───── Records shown ─────

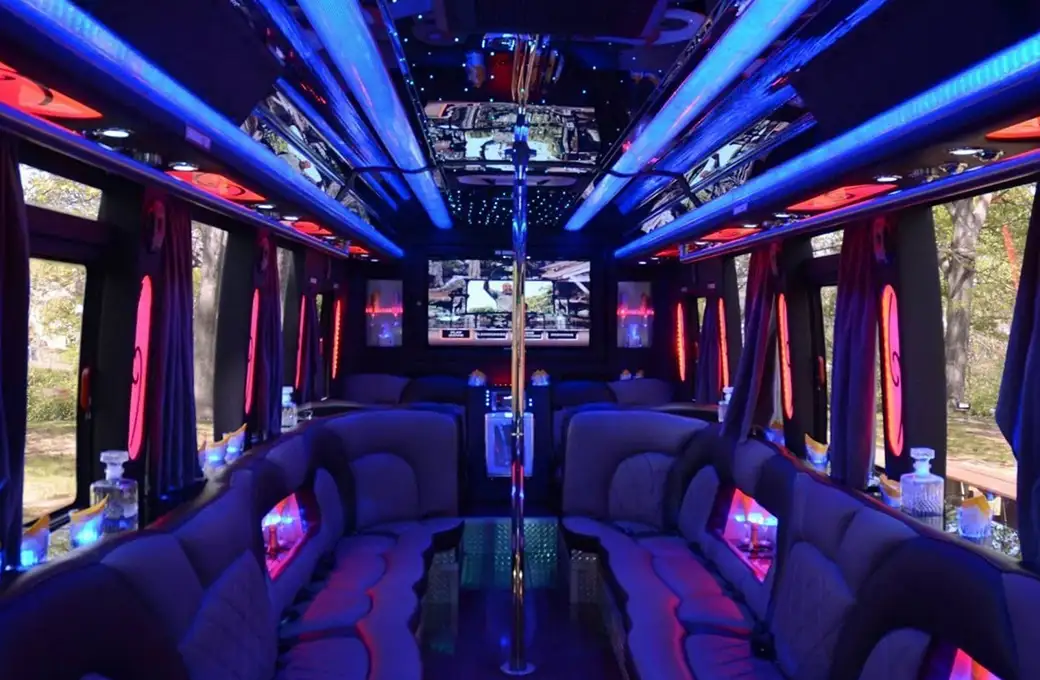 the inside of a party bus with couches and tables. limo service in New York.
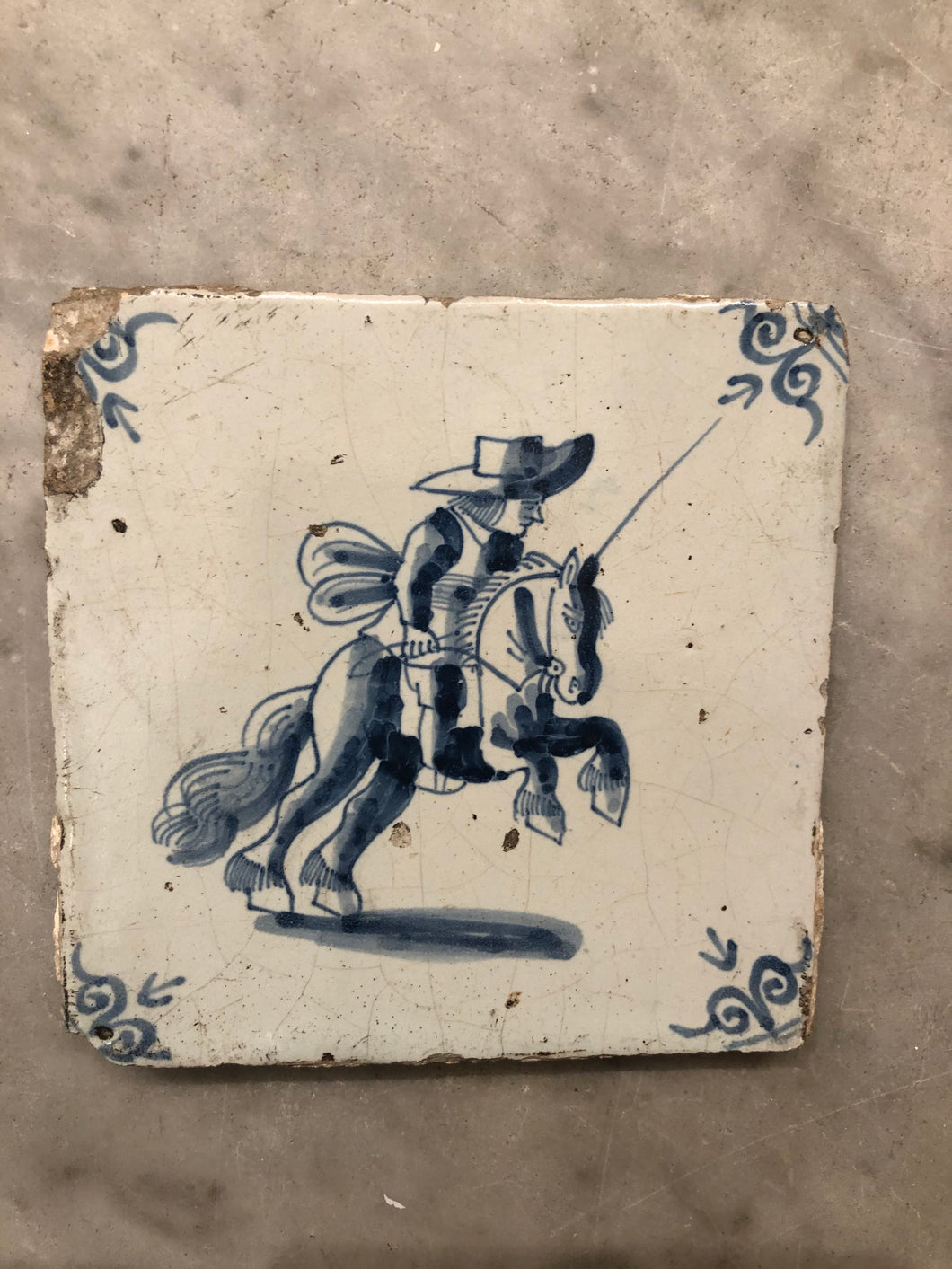 17 th century delft tile with horseman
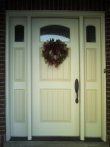 This is closeup view of a two-tone painted wood entrance door.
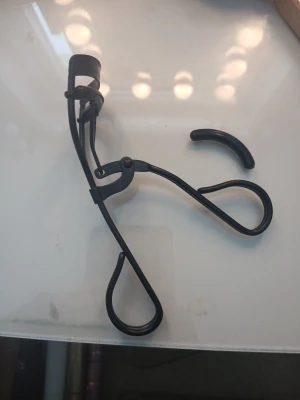 Svart ögonfransböjare i metall - En stilren svart ögonfransböjare i metall med ergonomiska handtag och utbytbar silikonkudde. Perfekt för att skapa snygg böj på fransarna. Medföljer en extra silikonkudde för längre användning.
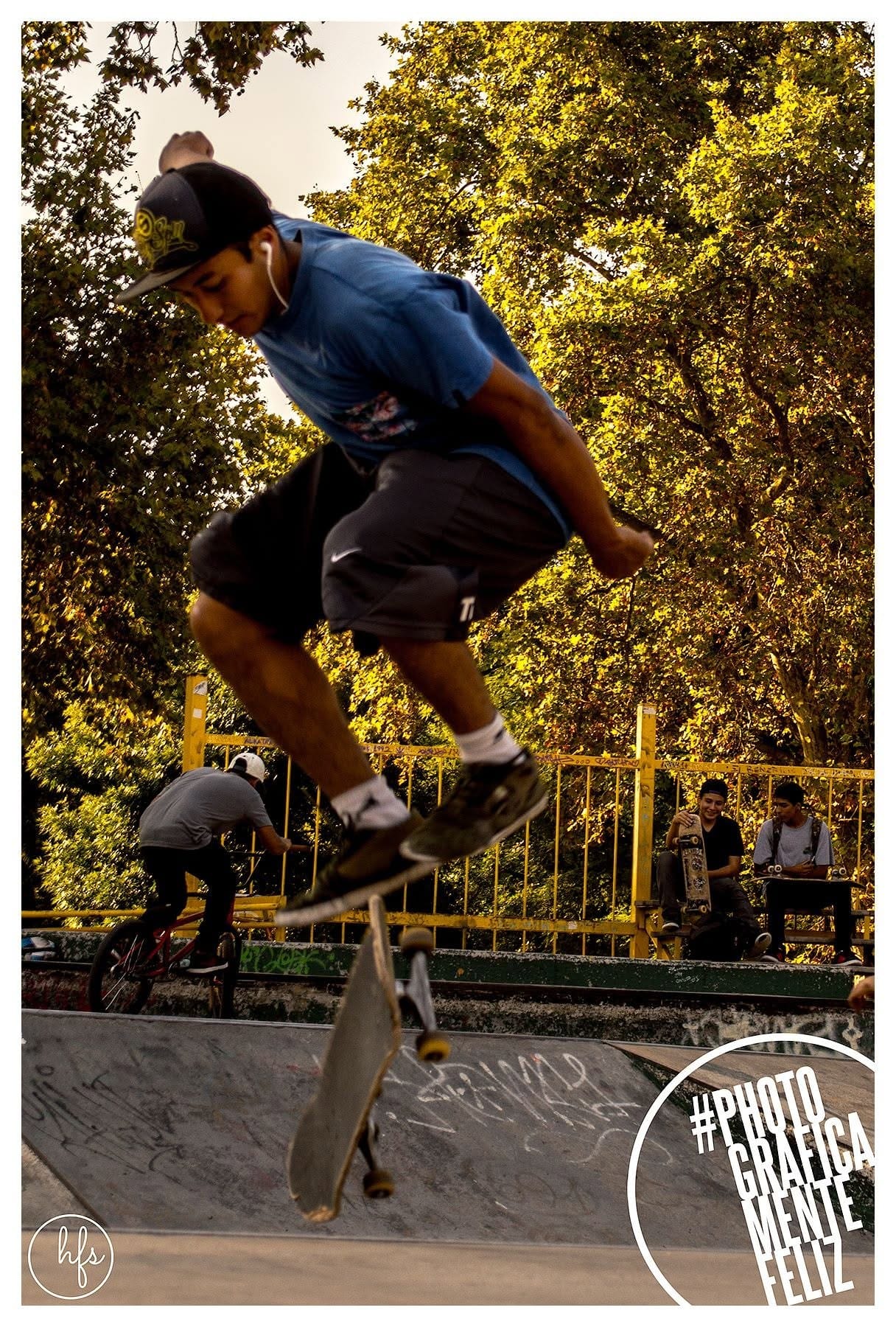Skater en pleno salto sobre una rampa de un skatepark, con gorra hacia atrás, remera azul y auriculares, tabla capturada en el aire bajo árboles iluminados por luz dorada de atardecer…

─────

Task instructions:
Could you output every record above exactly as it appears, without the pictures?

Task response:
 the inside of a party bus with couches and tables. limo service in New York.
 17 th century delft tile with horseman
 This is closeup view of a two-tone painted wood entrance door.
 Svart ögonfransböjare i metall - En stilren svart ögonfransböjare i metall med ergonomiska handtag och utbytbar silikonkudde. Perfekt för att skapa snygg böj på fransarna. Medföljer en extra silikonkudde för längre användning.
Skater en pleno salto sobre una rampa de un skatepark, con gorra hacia atrás, remera azul y auriculares, tabla capturada en el aire bajo árboles iluminados por luz dorada de atardecer…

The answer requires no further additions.